Beginning with the first line, return the material verbatim and without pictures.

| PROVIDED DATA |
--------------------------------

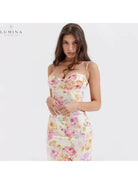 Lucy floral satin maxi dress by Lumina Vancouver, showing the elegant floral pattern and flowing satin fabric in a full-length view.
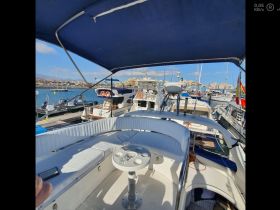 A well-appointed interior view of a boat's helm and seating area, showcasing the comfortable design ideal for relaxing on the water.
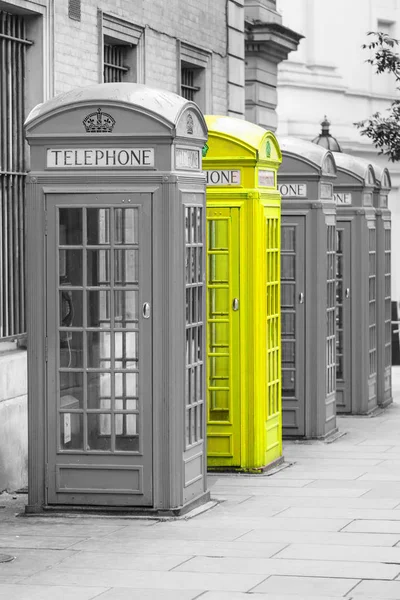 Five Red London Telephone boxes all in a row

--------------------------------

| EXERCISE RESULT |
 Lucy floral satin maxi dress by Lumina Vancouver, showing the elegant floral pattern and flowing satin fabric in a full-length view.
 A well-appointed interior view of a boat's helm and seating area, showcasing the comfortable design ideal for relaxing on the water.
 Five Red London Telephone boxes all in a row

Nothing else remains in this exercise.